Start of Given records
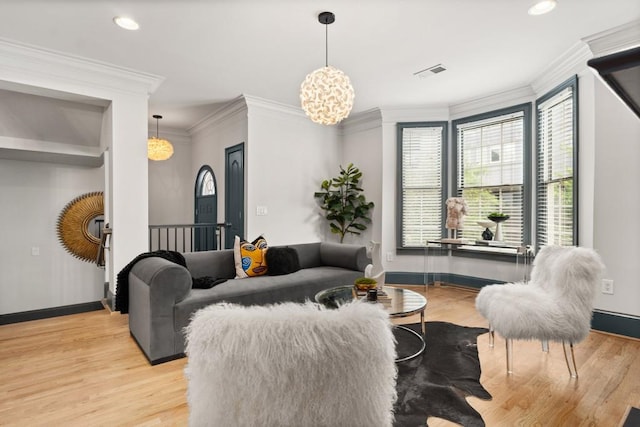 living area with crown molding, wood finished floors, a healthy amount of sunlight, and a premium fireplace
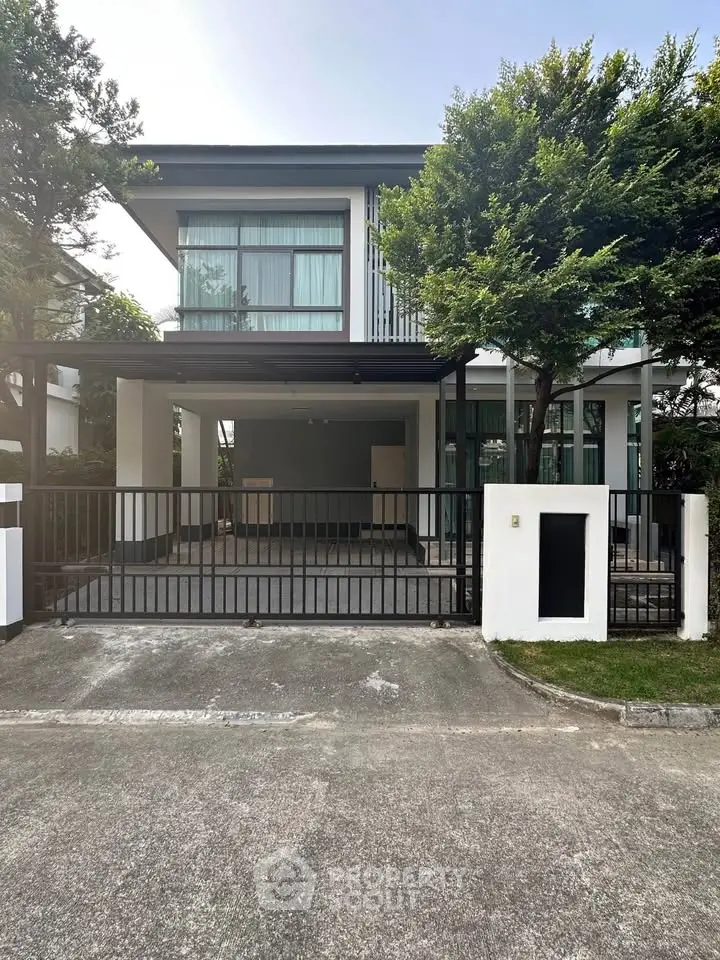 Modern two-story house with large windows and gated driveway in a serene neighborhood.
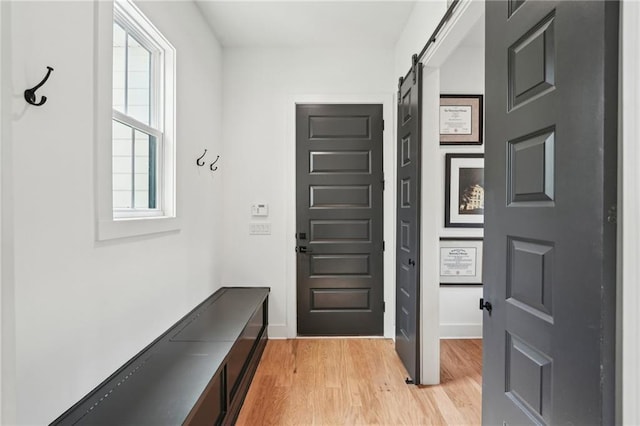 mudroom featuring light wood-type flooring and a barn door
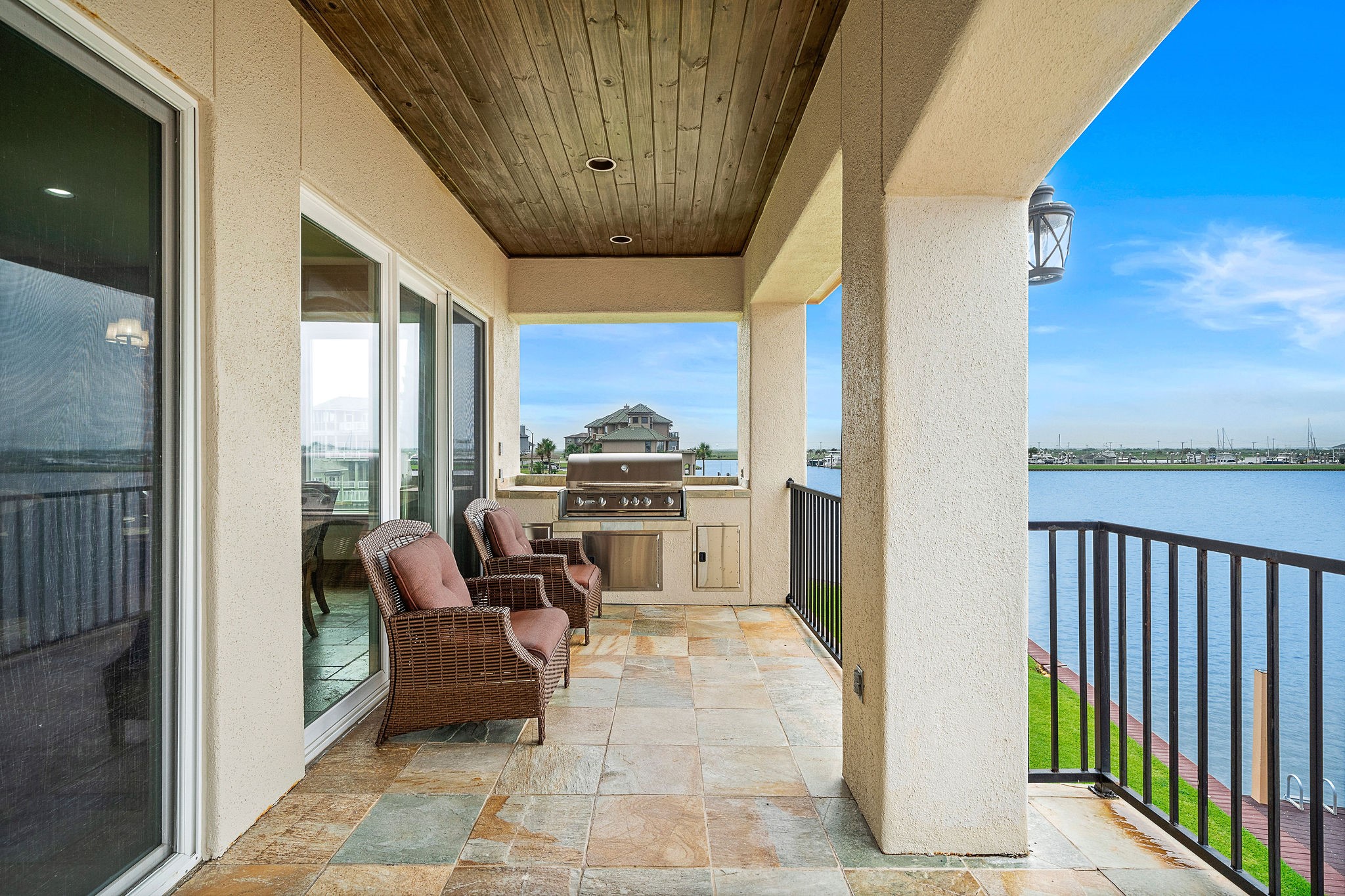Located just off the kitchen, this covered terrace features a seamlessly connected outdoor grillperfect for effortless entertaining and al fresco dining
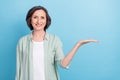 Photo portrait senior woman keeping blank space on hand smiling isolated pastel blue color background Royalty Free Stock Photo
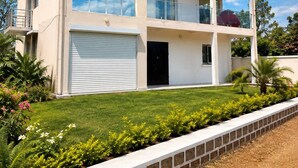 A multi-story building with a garage, a balcony, and a well-maintained lawn. - Modern Apartment • Free WiFi & Airport Transfer (Antananarivo)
End of Given records
Set down nothing but the lines from the one containing "Modern two-story house" to the final line above, both included, with every picture left out.

 Modern two-story house with large windows and gated driveway in a serene neighborhood.
 mudroom featuring light wood-type flooring and a barn door
Located just off the kitchen, this covered terrace features a seamlessly connected outdoor grillperfect for effortless entertaining and al fresco dining
 Photo portrait senior woman keeping blank space on hand smiling isolated pastel blue color background Royalty Free Stock Photo
 A multi-story building with a garage, a balcony, and a well-maintained lawn. - Modern Apartment • Free WiFi & Airport Transfer (Antananarivo)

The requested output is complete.